MADRID – Twenty-five years ago, at a summit in Rejkjavik, Iceland, US President Ronald Reagan stunned the world and his Soviet counterpart, Mikhail Gorbachev, by proposing global and comprehensive elimination of all nuclear weapons. Unfortunately, the skepticism of the United States’ defense establishment, together with Reagan’s adamant refusal to abandon his Strategic Defense Initiative nipped this bold move in the bud.
That was a tragic missed opportunity, for a US-Soviet agreement, reached in what was still an essentially binary international system, might have had truly global meaning. Although US and Russian stockpiles still account for more than 90% of the world’s nuclear warheads, US President Barack Obama’s disarmament goal, Global Zero, is proving far harder to accomplish now, given how much the world has changed since the Cold War’s end.
Not only has the number of nuclear states increased, but the so-called “nuclear renaissance” – the revival of nuclear power, owing to rising oil prices and environmental concerns – has put nuclear technologies into growing use. This revival holds important implications for nuclear proliferation.

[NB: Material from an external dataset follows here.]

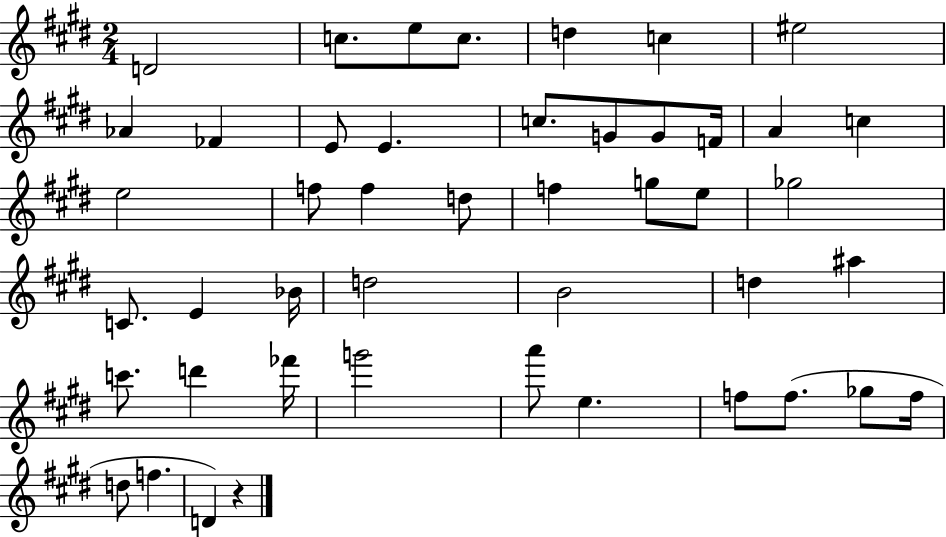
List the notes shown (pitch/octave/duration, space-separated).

D4/h C5/e. E5/e C5/e. D5/q C5/q EIS5/h Ab4/q FES4/q E4/e E4/q. C5/e. G4/e G4/e F4/s A4/q C5/q E5/h F5/e F5/q D5/e F5/q G5/e E5/e Gb5/h C4/e. E4/q Bb4/s D5/h B4/h D5/q A#5/q C6/e. D6/q FES6/s G6/h A6/e E5/q. F5/e F5/e. Gb5/e F5/s D5/e F5/q. D4/q R/q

More importantly, China, India, Pakistan, Iran, and Israel might not be particularly impressed by Russian and American assumptions that they can meet their defense needs with far smaller nuclear arsenals. Nuclear disarmament must therefore focus not only on a truly total elimination of stockpiles by the major powers, but also on regional powers’ concerns. Global Zero must go hand in hand with a robust strategy of conflict resolution and confidence-building in trouble spots such as Southeast Asia and the Middle East.